### WORK ORDER
Pictures do not belong in the copy; print every entry exactly as it stands.

Captioned web image data:

▬▬▬

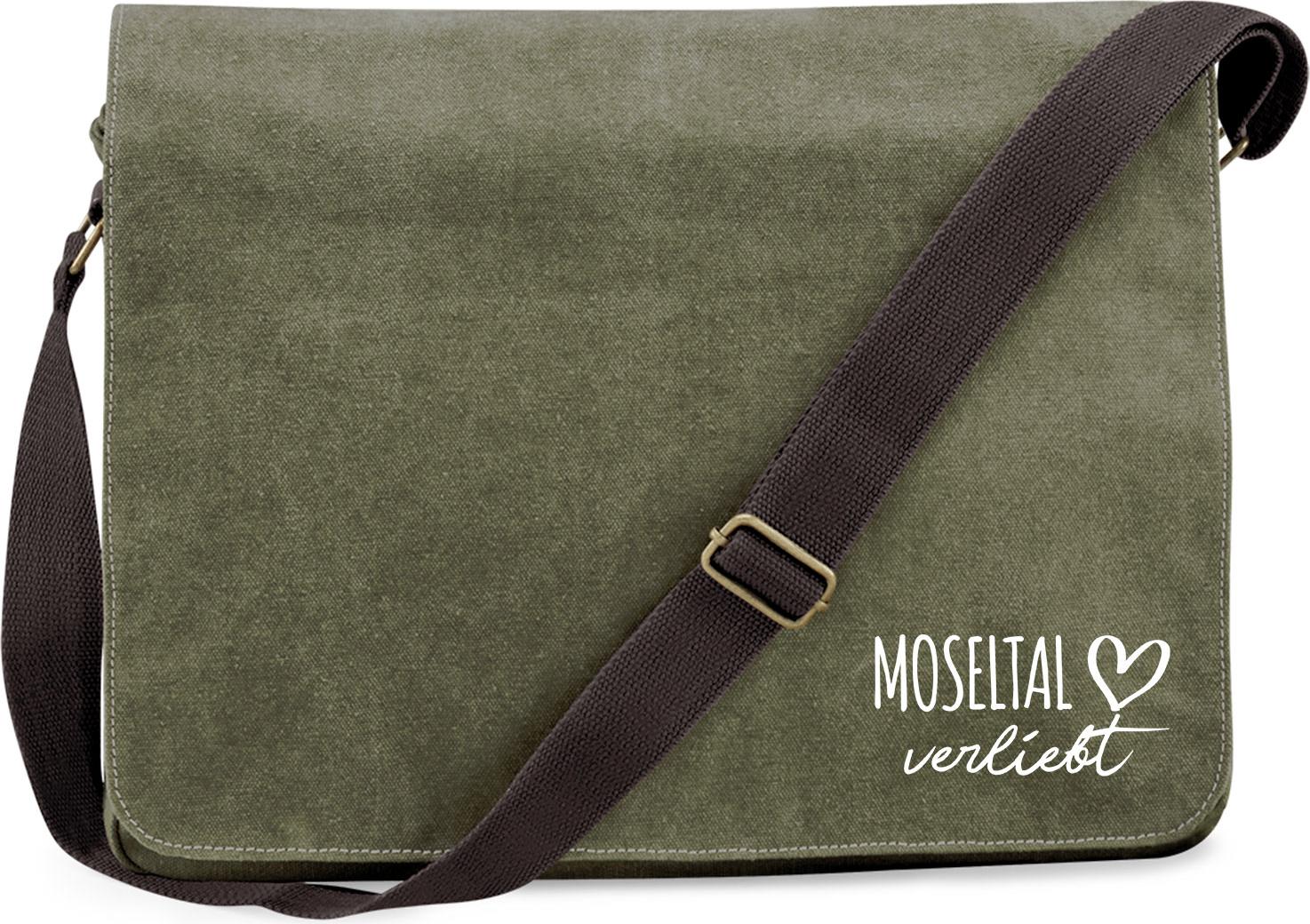 Hellweg Druckerei Huuraa Schultertasche Moseltal verliebt Geschenk 14 Liter Military Green Canvas Moseltal Mitbringsel 5059CUT-VMIL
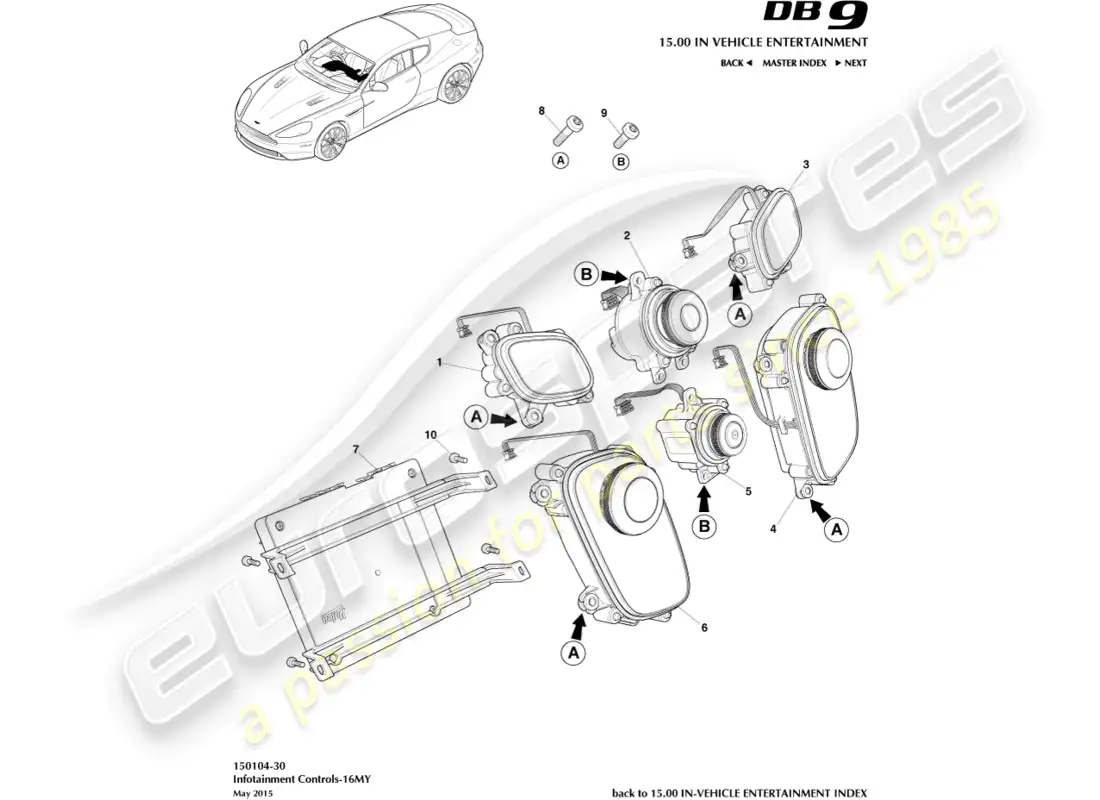 aston martin db9 (2015) controles de infoentretenimiento, 16my diagrama de piezas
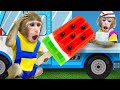 Kiki monkey get tasty giant watermelon popsicles ice cream  coca fanta pepsi jellykudo animal kiki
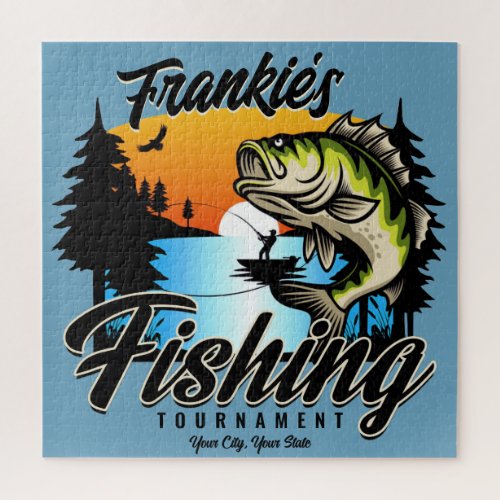Personalized Fishing Tournament Fish Angler Trout Jigsaw Puzzle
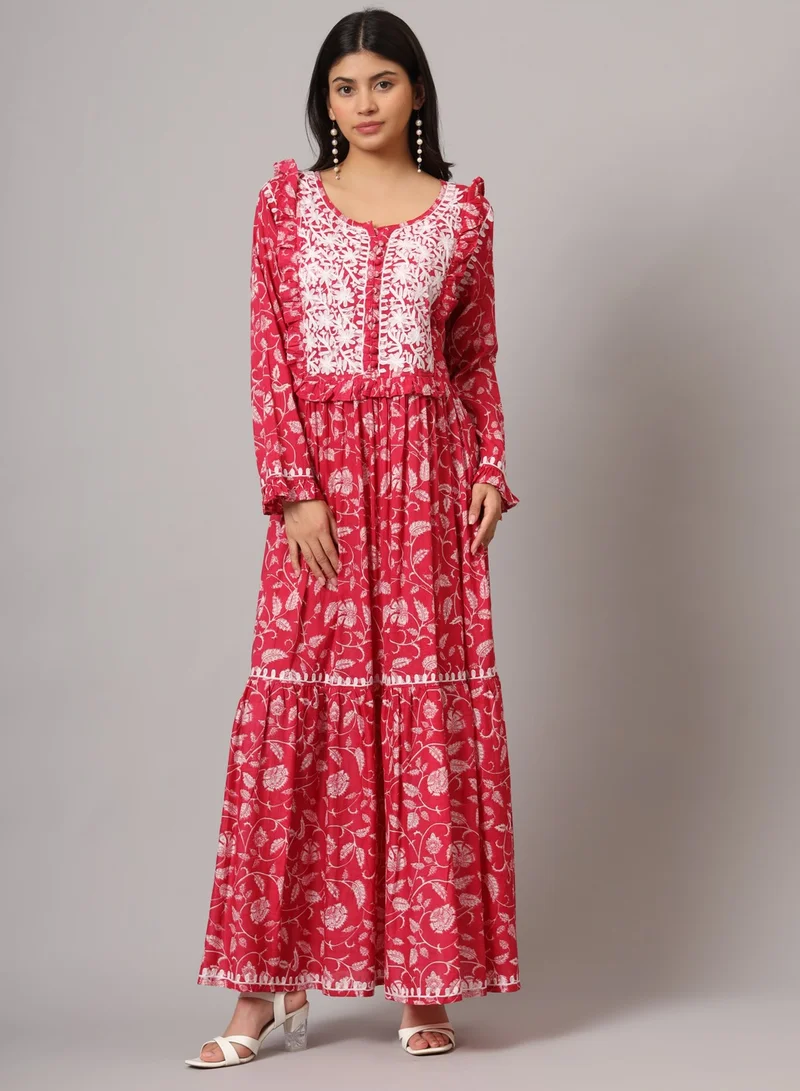 الايا جلابية شيكانكاري مطرزة يدوياً على شكل حرف أ من القطن مولمول-AL3941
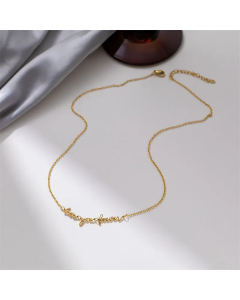 MAMA Simple Style Letter Titanium Steel Plating Necklace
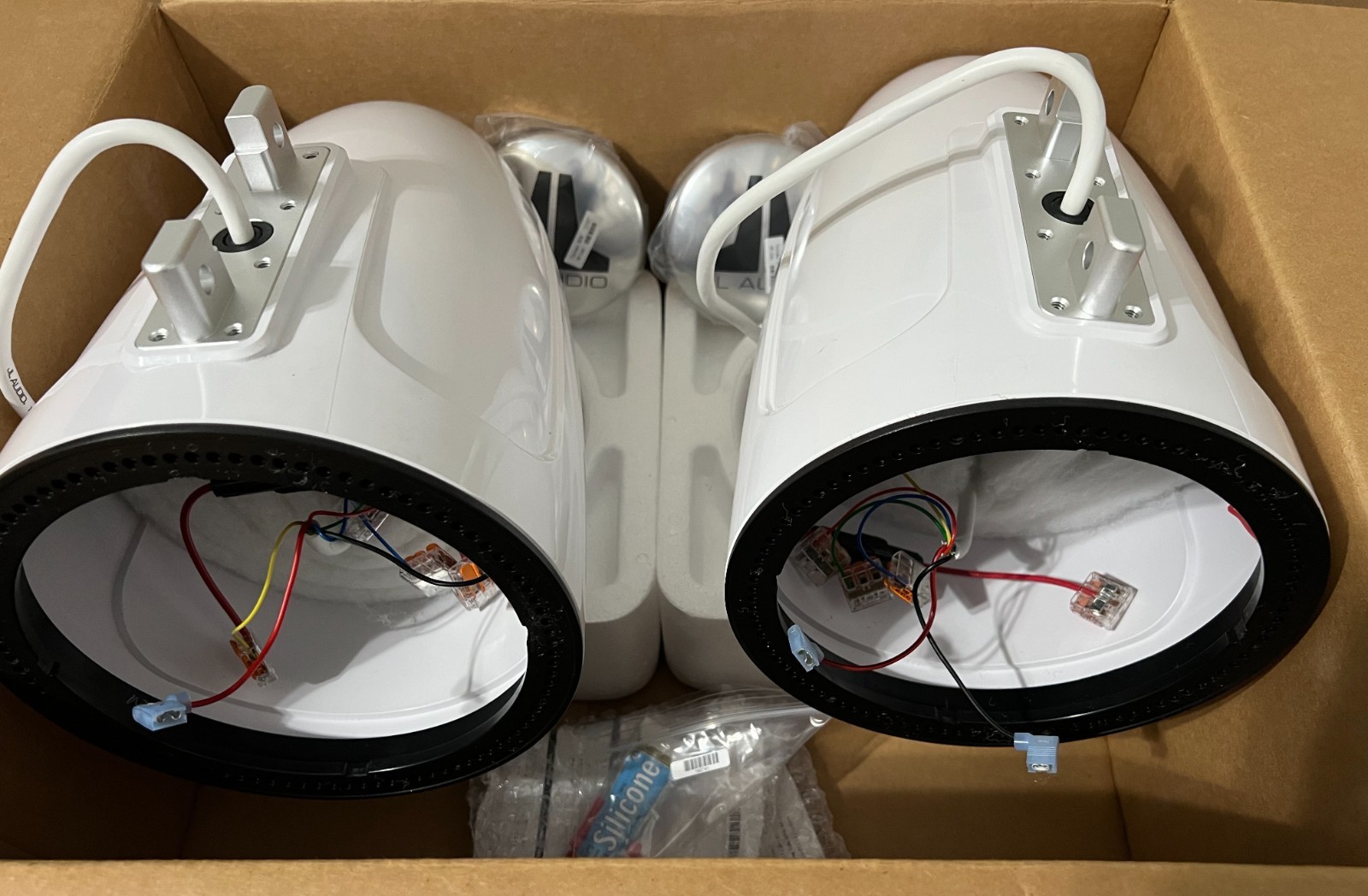 JL Audio 7.7" Enclosed Wake Tower Speaker Enclosures Empty Pair w/o clamps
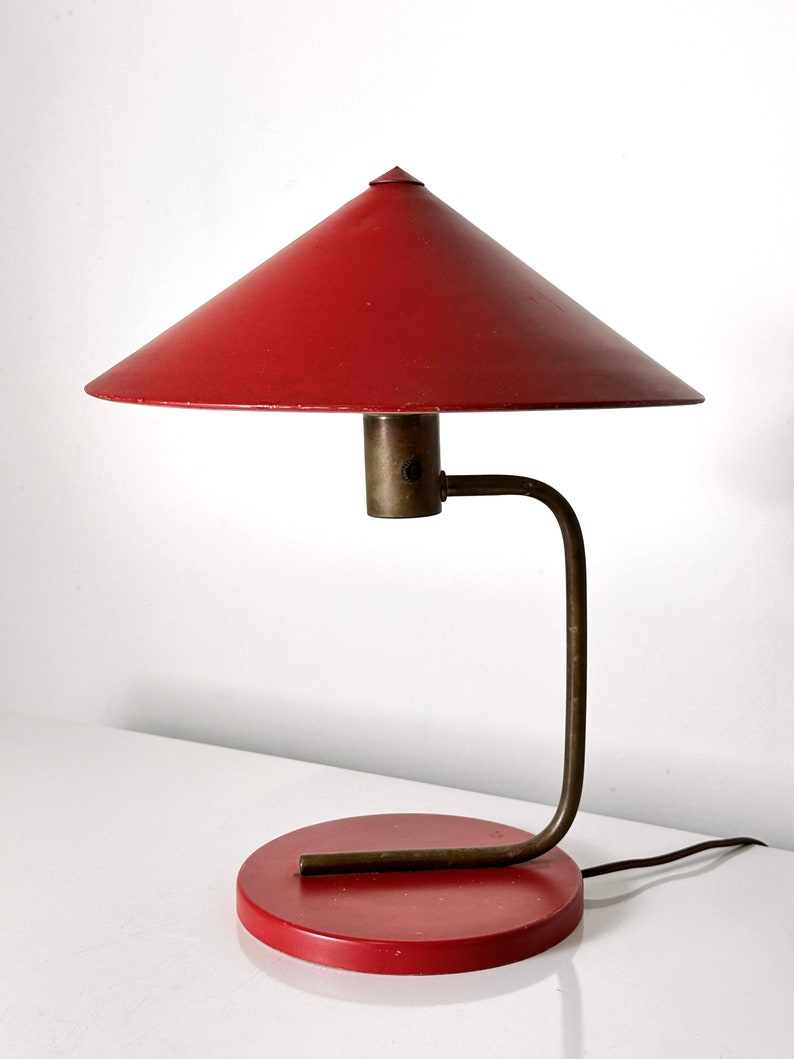 Vintage Walter Von Nessen Red Aluminum and Brass Canopy Table Lamp Art Deco 1930s image 3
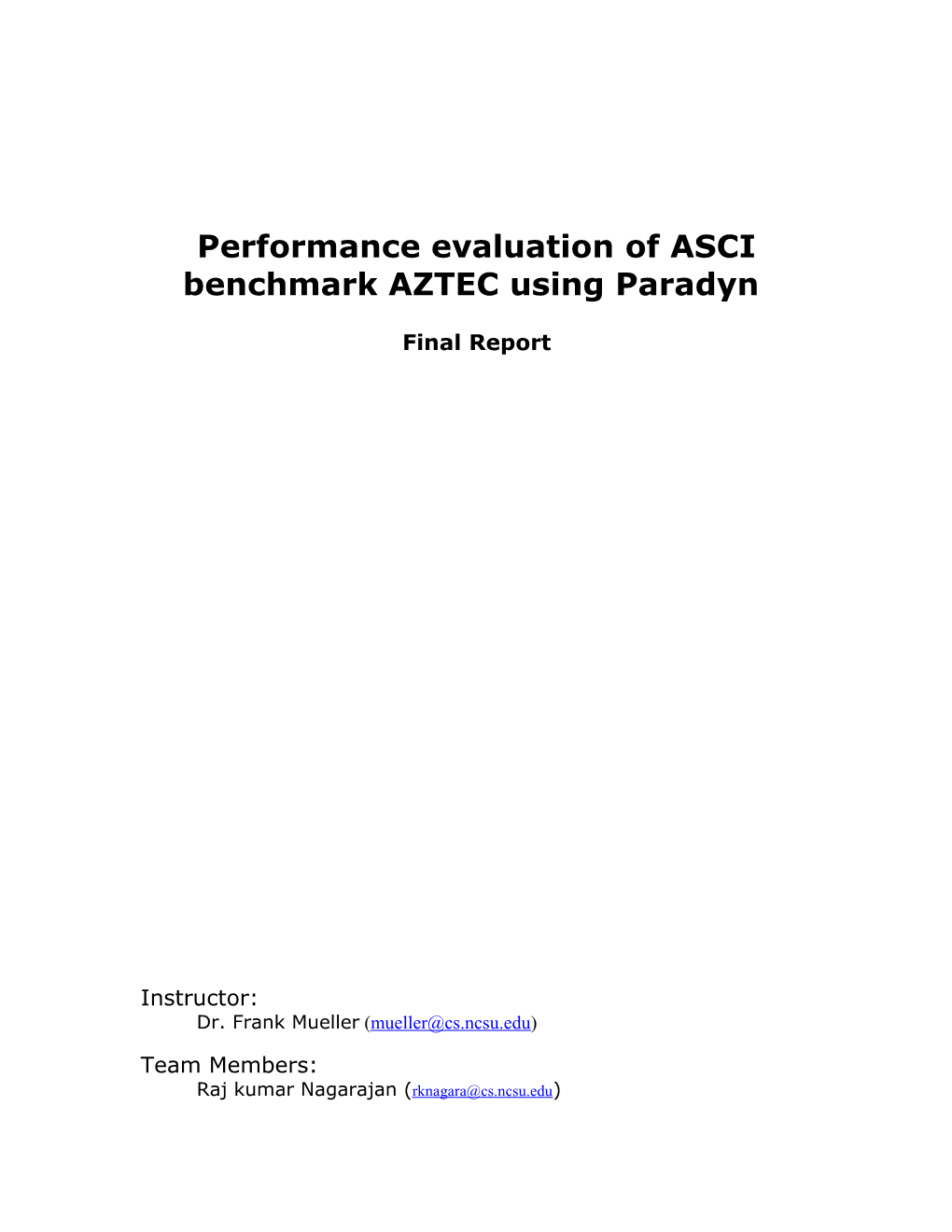Performance Evaluation of ASCI Benchmark AZTEC Using Paradyn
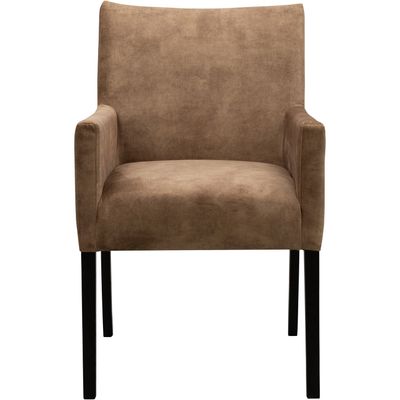 Eetkamerstoel Avanza met armleuning velvet ecru
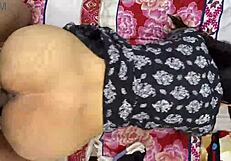 shared bed with cheating punjabi bhabhi leads to licking her hairless pussy and big ass fucking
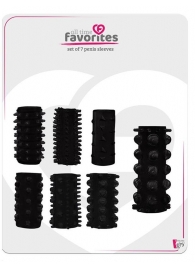 Набор из 7 черных насадок PENIS SLEEVES SET - Dream Toys - в Пензе купить с доставкой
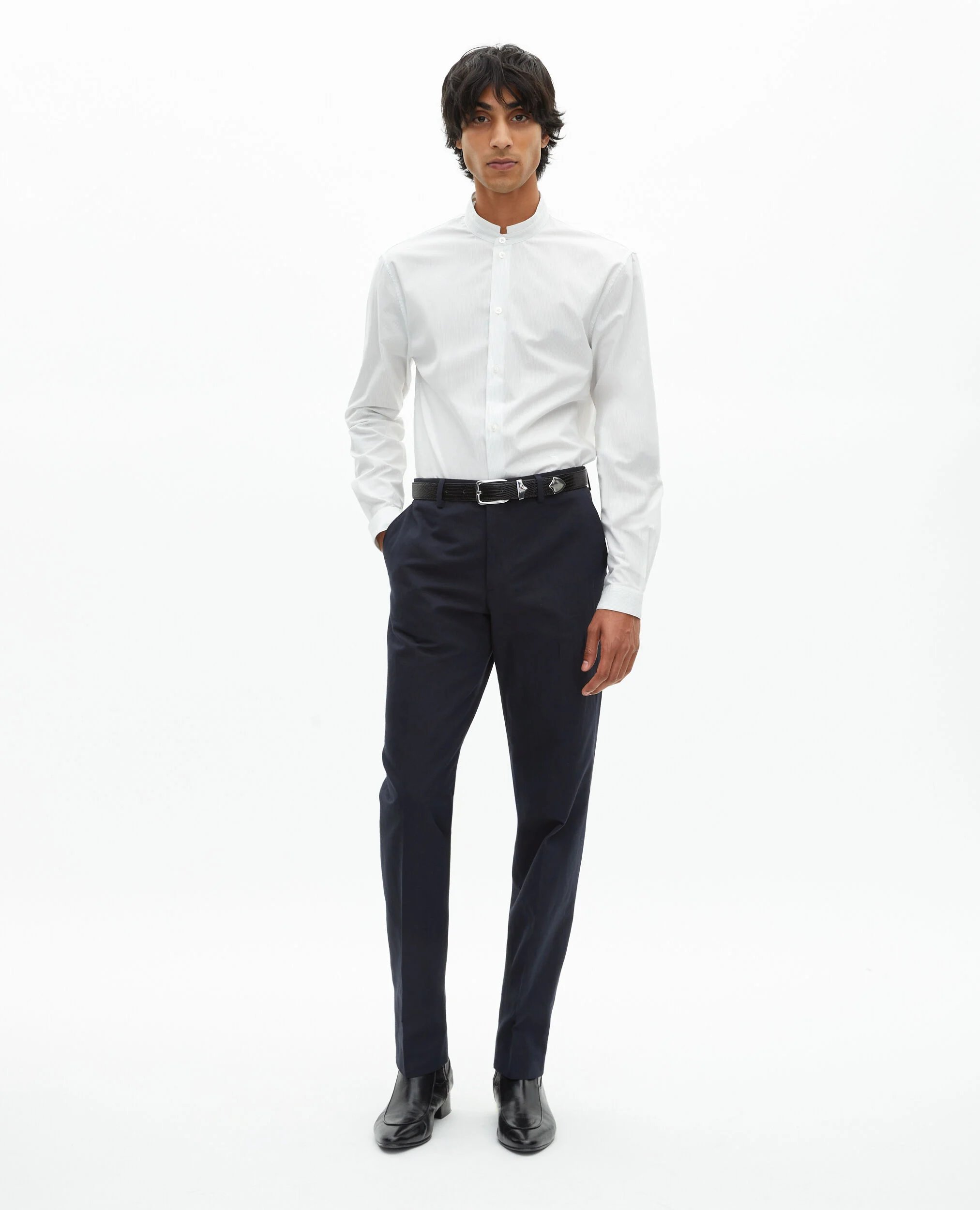 Chemise formelle col officier blanche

▬▬▬

### ANSWER BOX
 Hellweg Druckerei Huuraa Schultertasche Moseltal verliebt Geschenk 14 Liter Military Green Canvas Moseltal Mitbringsel 5059CUT-VMIL
 aston martin db9 (2015) controles de infoentretenimiento, 16my diagrama de piezas
 Kiki monkey get tasty giant watermelon popsicles ice cream  coca fanta pepsi jellykudo animal kiki
Personalized Fishing Tournament Fish Angler Trout Jigsaw Puzzle
 الايا جلابية شيكانكاري مطرزة يدوياً على شكل حرف أ من القطن مولمول-AL3941
 MAMA Simple Style Letter Titanium Steel Plating Necklace
 JL Audio 7.7" Enclosed Wake Tower Speaker Enclosures Empty Pair w/o clamps
 Vintage Walter Von Nessen Red Aluminum and Brass Canopy Table Lamp Art Deco 1930s image 3
Performance Evaluation of ASCI Benchmark AZTEC Using Paradyn
 Eetkamerstoel Avanza met armleuning velvet ecru
 shared bed with cheating punjabi bhabhi leads to licking her hairless pussy and big ass fucking
 Набор из 7 черных насадок PENIS SLEEVES SET - Dream Toys - в Пензе купить с доставкой
 Chemise formelle col officier blanche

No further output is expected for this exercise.